La novela que se fragmenta en el cambio de voces explicita en sus enunciaciones otras voces que la sustentan, citas, canciones populares, el folletín, películas, pinturas y autores que hicieron historia, la historia real que circula por fuera de la historia de la novela rozándola, como el peronismo, sus fragmentos. El plural del discurso es ejecutado por un colectivo, la disparidad junta sus filos, y en la yuxtaposición, en la suma, se crea una ilusión de continuo. Capote, Fitzgerald, Graham Greene, Herzog, Bolaño, Andrés Bello y otros, en connivencia con el personaje César Pelayo, el cubano itinerante que terminó finalmente viviendo en Chile y que tiene como Neruda su Josie Bliss, en la persona de la mujer que quiere cortar con el cuchillo con que cenan la conexión de Pelayo a la máquina que lo hace soñar y sin la cual no puede vivir. En El derecho a soñar, Bachelard dice: "Por su vida colorante, la tinta puede hacer un universo con solo encontrar un soñador, siempre si escucha bien todas las confidencias de la mancha". Los entornos sucios, los paisajes, todos los escenarios áridos de la novela parecen confluir en la misma pendiente, en la misma dureza gris del suelo de Santa Fe que al orillar el río no escapa a los derrumbes.

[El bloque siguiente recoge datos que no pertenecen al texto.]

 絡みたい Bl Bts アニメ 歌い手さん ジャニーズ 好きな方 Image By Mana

El relato interroga a las formas que lo rodean, su densidad, su resistencia, su posibilidad de sobrevivir, la belleza triste, rústica, que se disuelve por nada. Dice Mercedes: "Los animales muertos flotando a través del Paraná a orillas del puente y debajo de él, como una marcha fúnebre y lenta hacia la desembocadura"; Mercedes ha recibido tempranamente más de una advertencia, en los pozos de la pampa donde vivía cuando era chica el agua dulce tenía sal, vestigios del mar que se filtraban debido al suelo permeable, en los juegos infantiles la imaginación estaba alimentada por una montaña de cartón por la que se deslizaba como por un tobogán pero que el fuego reduciría rápidamente a cenizas, el piano que se empecinaba en tocar sin pensar en la dificultad, sin prestar atención a la advertencia de que querer conseguir música con un objeto complejo hace sufrir.

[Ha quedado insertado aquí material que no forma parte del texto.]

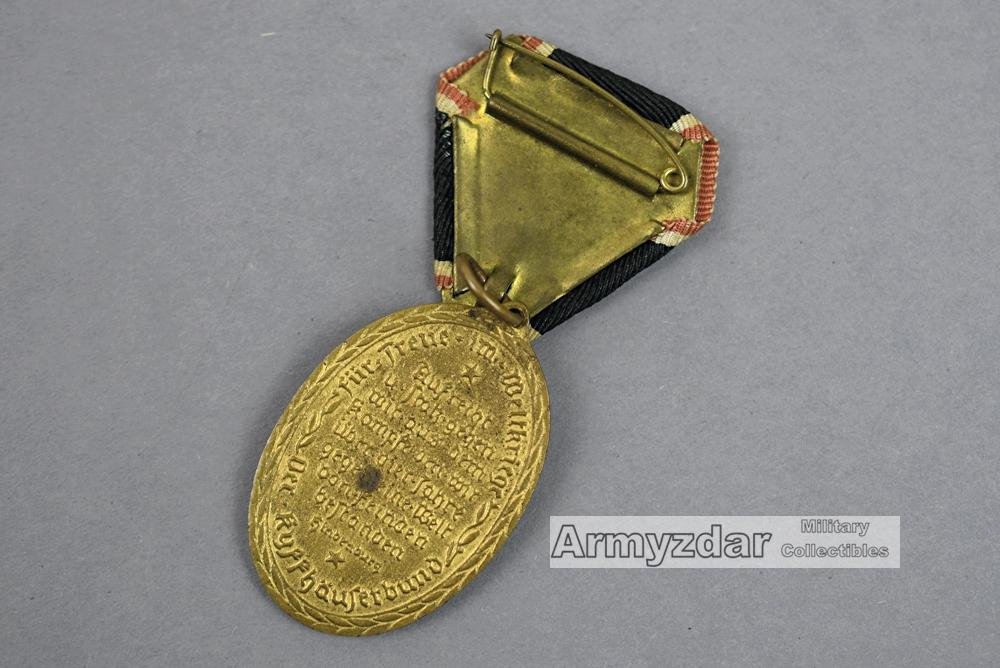 Preussen Kyffhäuser Kriegsdenkmünze 1914-1918 ribbon bar — image 2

Los años fugitivos es una novela de migración, de desplazamientos, de cruce de símbolos, de traslados que se rubrican con el propio traslado de los personajes de un punto a otro y que siguen conservando dentro de sí todo lo visto; es una novela que lejos de lo codificado, abstraída sobre sí misma, expande el arte del disimulo, tal cual lo hacen los sueños cambiando las cosas de lugar, como la máquina que hace soñar a Pelayo oxigenándole la cabeza.